* DATA SHOWN:

• • • • •

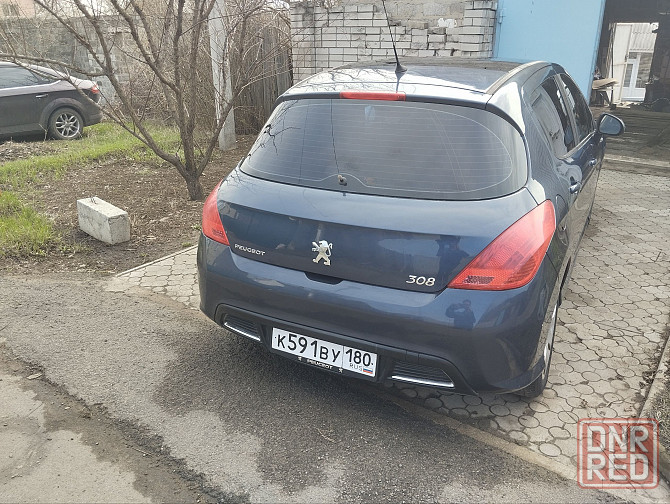 Продам Peugeot 308 1.6 2008 Механика Донецк - изображение 6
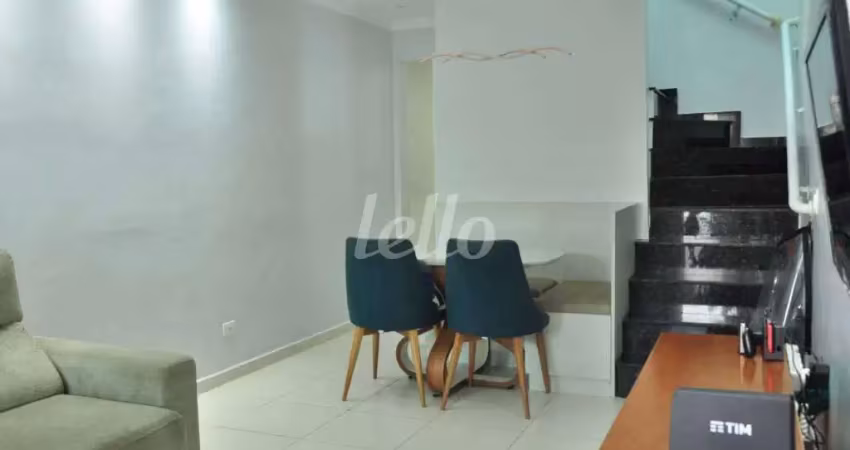 Casa com 3 quartos à venda na Rua Almeida Brandão, 547, Vila Guilhermina, São Paulo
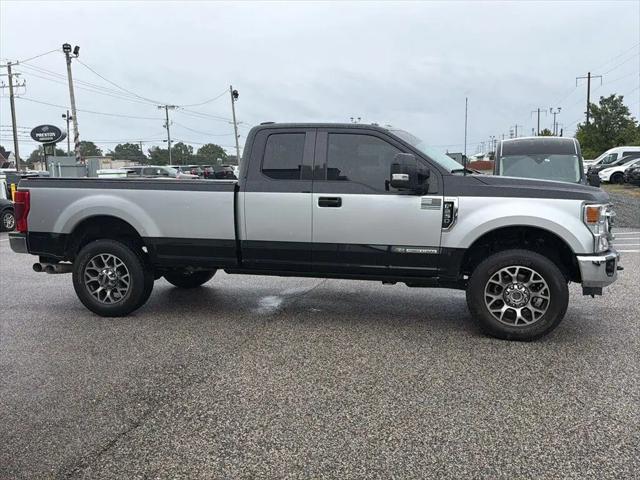 2021 Ford F-250 LARIAT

• • • • •

All lines from the one holding "Casa com 3 quartos" through the last line of the material above should be set down exactly, and the pictures should be left out.

 Casa com 3 quartos à venda na Rua Almeida Brandão, 547, Vila Guilhermina, São Paulo
 2021 Ford F-250 LARIAT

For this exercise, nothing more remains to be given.